Turk’s Cap Lilies

IMG_0363Turk’s Cap Lilies (Lilium canadense) are now at peak bloom in our woodland. Easily distinguished by their vibrant orange, recurved petals that earn them their name, their annual bloom is an eagerly awaited event for us.


Native to eastern U.S., this graceful wildflower thrives in moist, well-drained meadows and woody thickets, flowering best in full sun with up to twenty blooms per plant. Our heaviest bud count this year is thirteen.

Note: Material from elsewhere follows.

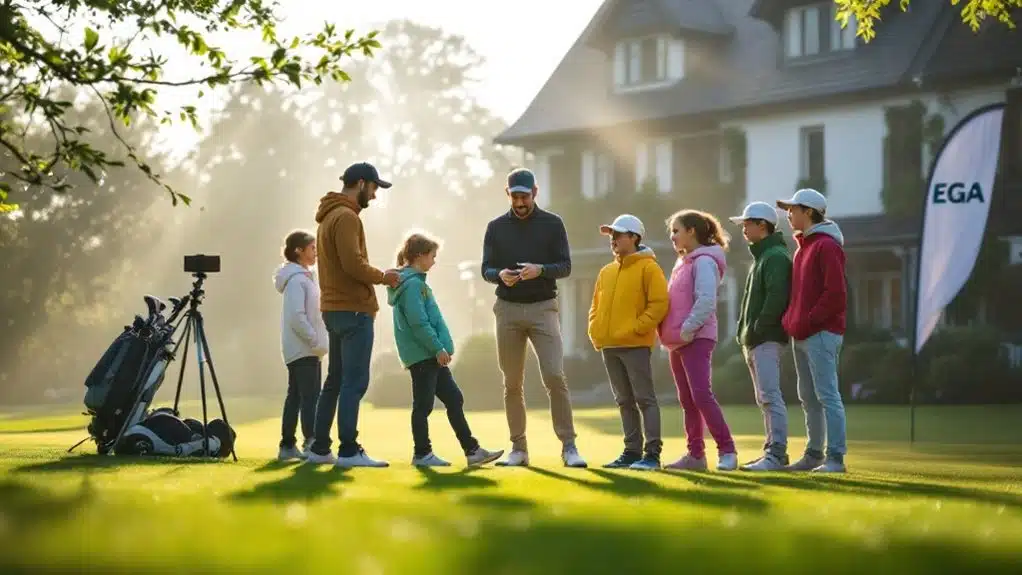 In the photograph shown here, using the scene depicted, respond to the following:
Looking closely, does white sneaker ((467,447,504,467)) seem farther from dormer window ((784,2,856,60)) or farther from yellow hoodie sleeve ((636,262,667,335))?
dormer window ((784,2,856,60))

Like many other cherished perennials, they bloom only for a short time in early summer. If they are not munched by deer, which find them a delicacy, or devoured by the noxious European red lily beetle (which is seriously decimating all our true lilies), they go on to form seed pods that resemble green hot-air balloons.

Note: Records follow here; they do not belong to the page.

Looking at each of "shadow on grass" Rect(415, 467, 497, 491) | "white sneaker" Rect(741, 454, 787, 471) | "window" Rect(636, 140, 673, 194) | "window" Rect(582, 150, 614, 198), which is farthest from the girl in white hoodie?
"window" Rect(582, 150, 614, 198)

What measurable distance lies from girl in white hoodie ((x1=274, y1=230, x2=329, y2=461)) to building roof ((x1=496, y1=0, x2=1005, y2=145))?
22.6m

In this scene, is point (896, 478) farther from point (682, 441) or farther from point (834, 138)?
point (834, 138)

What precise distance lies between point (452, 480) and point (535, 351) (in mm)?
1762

Scarlet lily beetle (Wikipedia photo)

Scarlet lily beetle (Wikipedia photo)

In the fall, these pods turn brown and crack open to reveal stacks of winged seeds that are dispersed by the wind. Often, we will grab a handful to sow on our walks to help increase their number.

Native plant nurseries offer bulbs for sale, but be warned, rodents love to eat them so to protect your investment, take precautions to discourage them from nibbling. Wire mesh baskets seem to be the easiest, longest lasting and least toxic method.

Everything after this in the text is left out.